Es curioso que una práctica que se normalizó en los años sesenta y que en 1968 se describió en el cine con la cinta El turismo es un gran invento no haya tenido una reacción negativa hasta casi medio siglo después. La gran operación salida que democratizó las vacaciones estivales para las clases medias como uno de los efectos del estado de bienestar llevaba produciéndose armónicamente hasta que en los últimos años la degeneración del modelo ha terminado por dar la nota de un turismo que es la canción que hace vibrar a nuestra economía. Los nuevos modelos turísticos más asequibles y baratos y qué han atentado en las estructuras urbanas a unos niveles sin precedentes seguramente tengan que ver con esta nueva reacción, pero no son la única causa. La turismofobia, aislada antaño, ahora amenaza con demonizar a todo el sector en su conjunto, unos viajantes que antes incomodaban a pequeña escala en el umbral del dolor sentimental de los vecinos cada día levantan más ampollas en el ambiente.
Los factores que han llevado a la mutación demoníaca del turismo son más antropológicos y sociológicos que urbanísticos o económicos. El primero de ellos está relacionado con una pérdida de valores y de educación que afecta a todas las parcelas de la vida del tiempo actual. Desde el tardofranquismo y desde que Manuel Fraga se propuso convertir a España en un referente turístico se produjo un éxodo de viajeros hacia otros rincones de España, el impacto del turista medio se palpaba, se percibía, pero no se vislumbraba como un elefante en una cacharrería que arrasaba con todo. Había un respeto al ambiente por parte del intruso, un decoro propio del visitante, el que venía a un sitio sabía que tenía unas licencias propias del que no es del lugar, ahora la cosa ha cambiado y todo el que viene se cree con derecho a usar a su antojo el ecosistema vacacional porque para eso se ha dejado un dinero; han desaparecido los turistas y ahora proliferan los domingueros, unos especímenes que no se adaptan al ambiente y viven con ostentación su tiempo playero.
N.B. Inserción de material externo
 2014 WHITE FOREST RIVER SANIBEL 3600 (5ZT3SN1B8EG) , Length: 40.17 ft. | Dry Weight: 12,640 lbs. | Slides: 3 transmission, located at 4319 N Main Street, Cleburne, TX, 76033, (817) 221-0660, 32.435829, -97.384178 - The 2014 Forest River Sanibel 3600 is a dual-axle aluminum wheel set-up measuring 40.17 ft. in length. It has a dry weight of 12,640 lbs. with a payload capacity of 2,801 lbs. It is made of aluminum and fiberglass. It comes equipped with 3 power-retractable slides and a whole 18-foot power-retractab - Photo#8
Por otro lado, los que acogemos a los que vienen hemos caído en la desconfianza existencial que alerta Víctor Lapuente en Decálogo del buen ciudadano: cómo sobrevivir en una sociedad narcisista (Península), un germen que ha hecho que no nos fiemos de los otros estrechando todavía más nuestra camarilla de confianza. Las actitudes ególatras de los que sospechan y de los que amenazan han hecho el aire irrespirable.
Otra de las cosas que quizá tenga la culpa de esta tensión hacia el madrileño tenga que ver con la propia actitud autosuficiente de los capitalinos, unos que viven muy alejados de las sensibilidades patrias distintas al centralismo, hay una gran desconexión del establishment del resto de España, por eso muchos políticos absorbidos por el pequeño Madrid del poder no empatizan con la periferia; pisan la arena de las playas mediterráneas convencidos de que están ante una extensión de su reino.
El turismo es un gran invento, pero los turistas antes eran mejores personas que ahora.